What is the electric charge of an isolated copper ball bombarded with radiation?

[liorda]

Homework Statement

What will be the electric charge of an isolated ball of copper, which was projected long enough with radiation of wavelength $$\lambda = 1400 \angstrom$$?

Homework Equations

The radius of the ball is R=1cm and the work function of copper is $$\Phi = 4.47 eV$$.

The Attempt at a Solution

$$E_{k}^{max} = \frac{hc}{\lambda} - \Phi_{Cu}$$
I want to say that the last electron which will be "released" will have kinetic energy that is equal to the potential energy on the surface of the ball.
The potential on the surface of the ball is Q/R, but how do I represent Q? Isn't it changes with the emission of the electrons?

Thanks.

 

[DAKONG]

$$E_{k}^{max} = \frac{hc}{\lambda} - \Phi_{Cu}$$

electron volt = electron volt_unit

$$W = FS$$

$$W = qES$$

$$W = q\frac{V}{S}S$$

$$W = qV$$

if you want to change eV unit to be Joule unit

Work_Joule = charge of electron_qoulomb x 1_volt

eV = another kind work unit (please review difinition of electron volt)

and $$W = \frac{1}{2}mv^2$$
m = electron mass

 

[Doc Al]

I want to say that the last electron which will be "released" will have kinetic energy that is equal to the potential energy on the surface of the ball.

Sounds good.
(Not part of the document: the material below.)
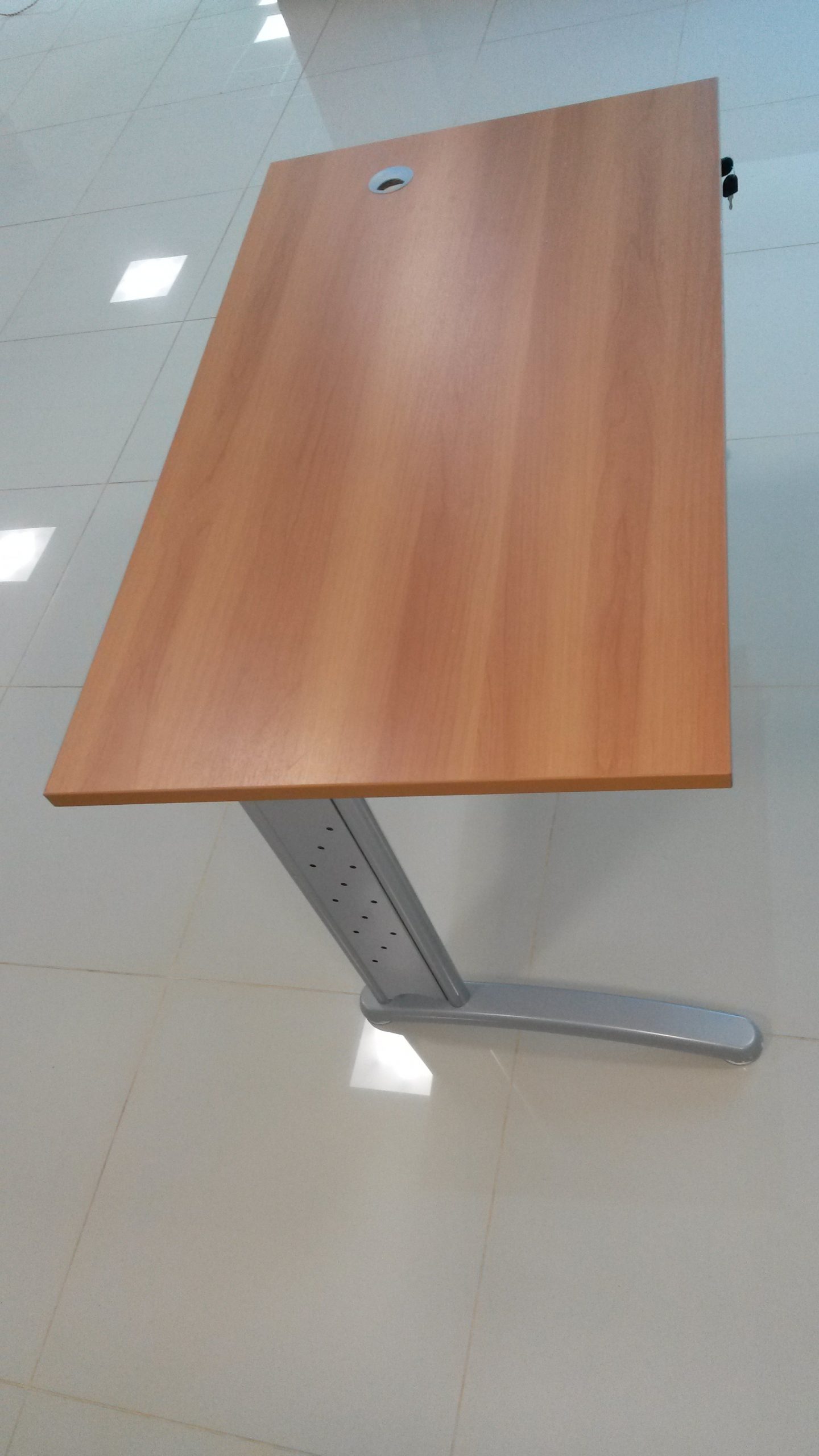 Mesa Reta Trabalho Pés em Aço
The idea is that the charge builds up until the photoelectrons do not have enough energy to escape the field of charged ball.

The potential on the surface of the ball is Q/R, but how do I represent Q? Isn't it changes with the emission of the electrons?

Of course the charge changes--the ball starts out with no charge. Q is the maximum charge--which is what you are trying to find. (Take care with your units.)